_Directions for this task:_ Exactly as they stand, repeat the lines from the one containing "Three Mermaids with" through the final line of the listing, both ends included, and nothing else; skip the pictures.

_Input data:_
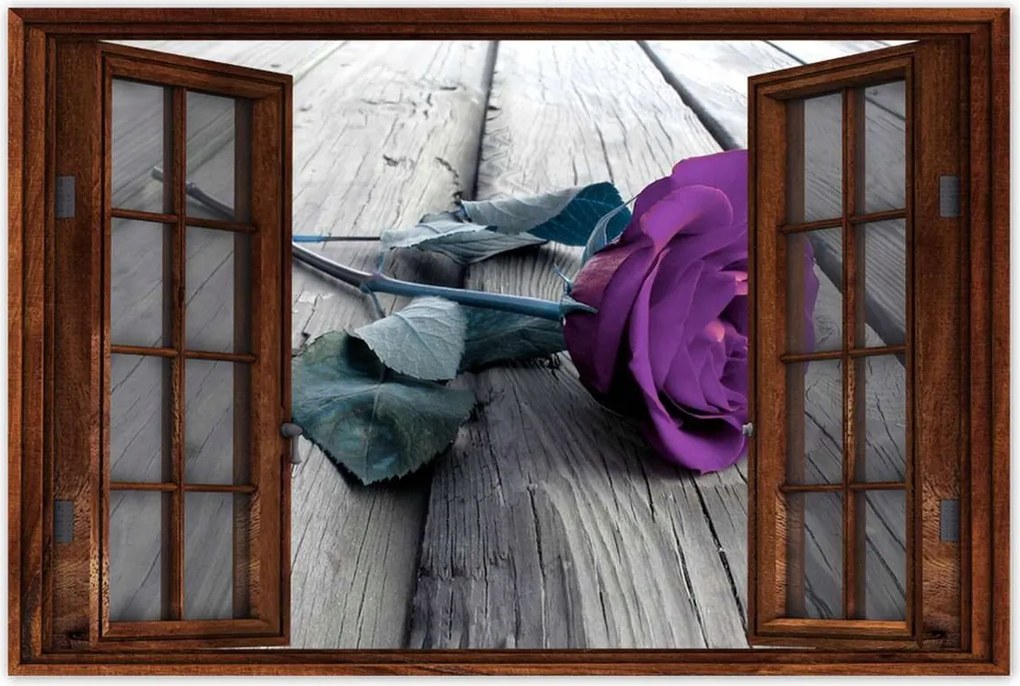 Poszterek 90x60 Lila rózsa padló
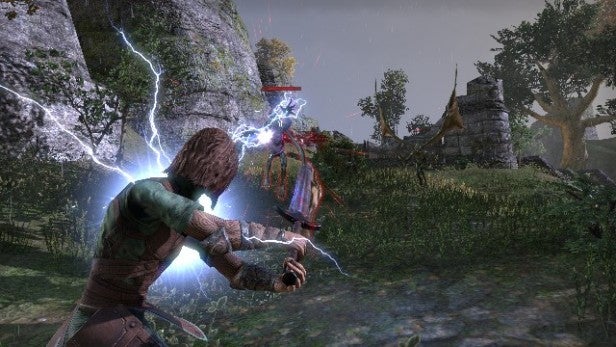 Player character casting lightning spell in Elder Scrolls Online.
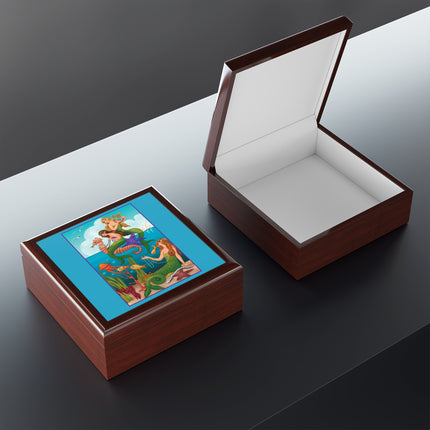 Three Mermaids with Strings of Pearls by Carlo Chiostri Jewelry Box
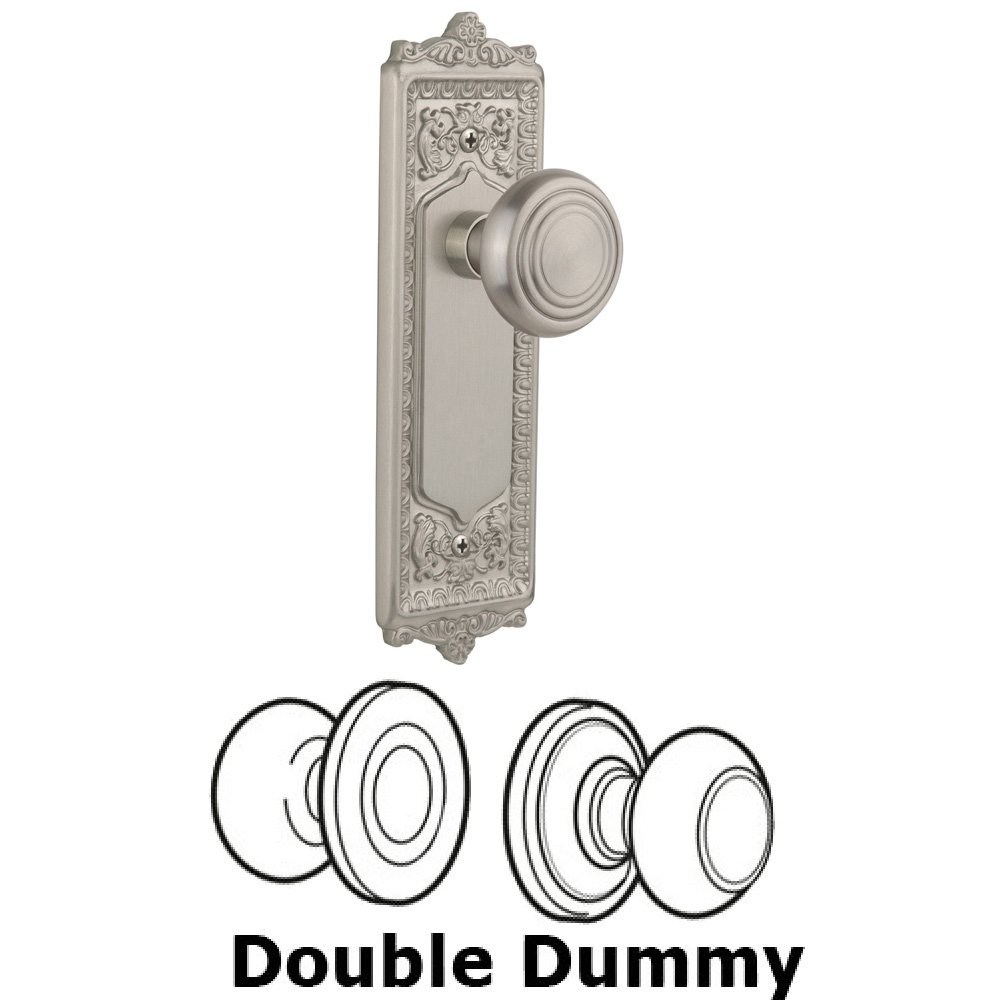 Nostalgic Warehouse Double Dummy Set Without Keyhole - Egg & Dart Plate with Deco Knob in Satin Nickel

_Your solution:_
 Three Mermaids with Strings of Pearls by Carlo Chiostri Jewelry Box
 Nostalgic Warehouse Double Dummy Set Without Keyhole - Egg & Dart Plate with Deco Knob in Satin Nickel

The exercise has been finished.